While everyone has compiled their best of comics list, here’s a random list of the cultural establishments in Toronto that I can’t wait to see more of in the coming year:
Narwhal and videofag: I discovered both of these galleries thanks to TCAF14! Ever since Meta Gallery on Ossington bit the dust, I’ve been looking for a space that showcases contemporary illustrative work in a similar vein. Narwhal seems to be it, with a style that overlaps a fair bit with what you might find between the covers of the latest issue of Hi-Fructose. Looking forward to the Junko Mizuno show in 2015 and seeing other exhibits. And now that I’ve moved closer to Kensington Market, I’m looking forward to shows in videofag and Double Double Land (have yet to catch a show there…)
TCAF Pop-Up: I had the chance to see the new TCAF store located inside the Toronto Public Reference Library, conveniently located at Bloor/Yonge. Much like the festival itself, it has comics of all kinds, with a healthy selection of goods from Europe and Japan, although not a lot in terms of independent press and zines. Its brightly lit, spacious layout is completely different from the stuffed to the gills interior of The Beguiling. If you are new to comics, this store is definitely very easy to navigate and I’m looking forward to seeing how the store grows. But The Beguiling is still the place to go if you’re looking for more independent, obscure or older material.

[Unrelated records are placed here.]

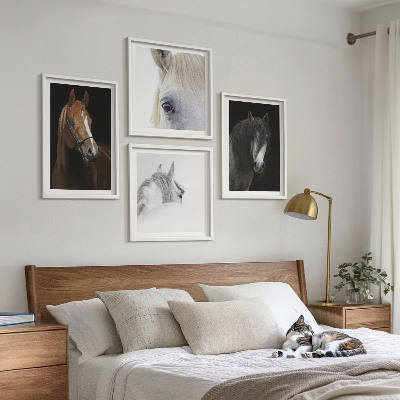 Wall art set Horse portraits in shades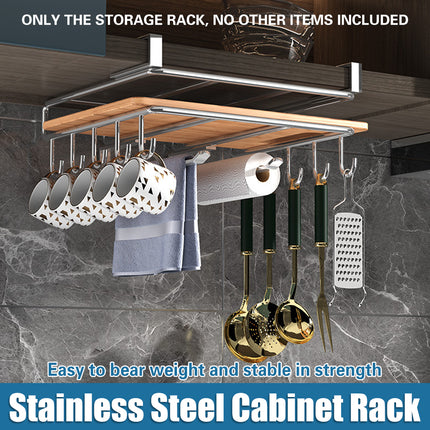 Cabinet Hanging Storage Rack Stainless Steel Silver Kitchen Organiser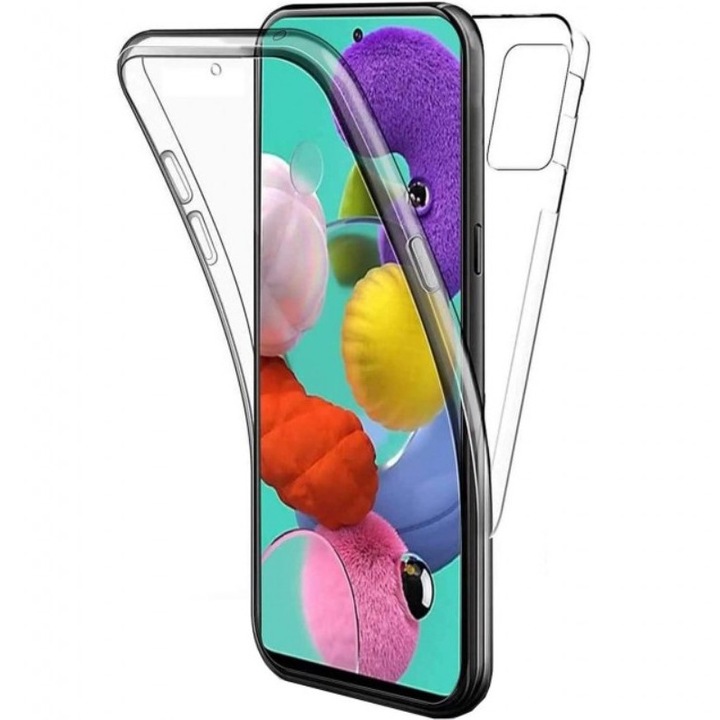 Калъф за целия телефон, 360 градуса, двойна защита, съвместим със Samsung A55, силикон и поликарбонат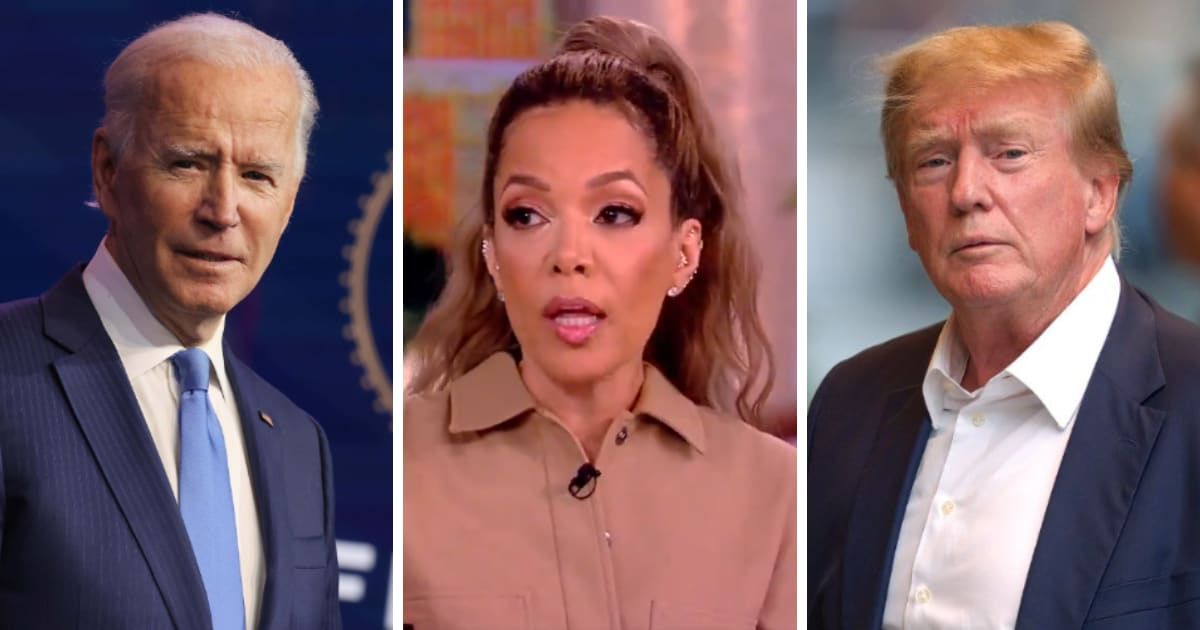 Sunny Hostin stated that independent voters were turning to Joe Biden after the criminal conviction of Donald Trump (Getty Images, Screengrab/The View/X)
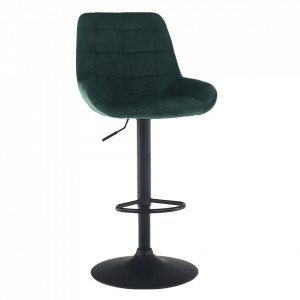 Scaun de bar, material textil Velvet verde închis - TP299530 - Img 1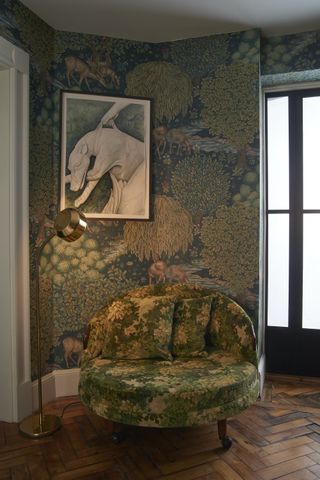 living room with botanical mural wallpaper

Hanji: A number of Japanese stationary stores opened up in Korea-town while I was away, but Hanji is probably my favourite. It’s been on Bloor W for awhile now, but they’ve also opened a location on Queen W, the other neighbourhood I love. Aside from handmade papers and stationary goods, there are all manner of crafty supplies like washi tape, book binding tools, and all things tiny and cute!
Agent Provocateur Boutique: I thought I’d mention the new AP store in Yorkville because their lingerie is gorgeous and I often enjoy their new designs, but I’ve mixed feelings about it. It has all the plusses that you would expect like a chic decor, flutes of bubbly while you’re shopping, and staff who try to meet – and then surpass – any request you might have. They’re also not snobbish, a trait I absolutely loathe about the staff in Holt Renfrew, where the other AP retail store is (located at the back of the lingerie department; although the AP trained staff are nicer than Holts). On the downside, the Yorkville staff are extremely aggressive and clingy – far more so than any other AP store I’ve visted internationally. I once had one woman basically surveil and stalk me as I was browsing and every time I so much as touched a piece, she would swoop out from nowhere to give me some kind of commentary like a creepy museum docent. I suppose it goes without saying that the staff at this location will say any old bs to close a sale. My recommendation here is to scope out the wares at the boutique, but to do actual fittings and purchases in Holts.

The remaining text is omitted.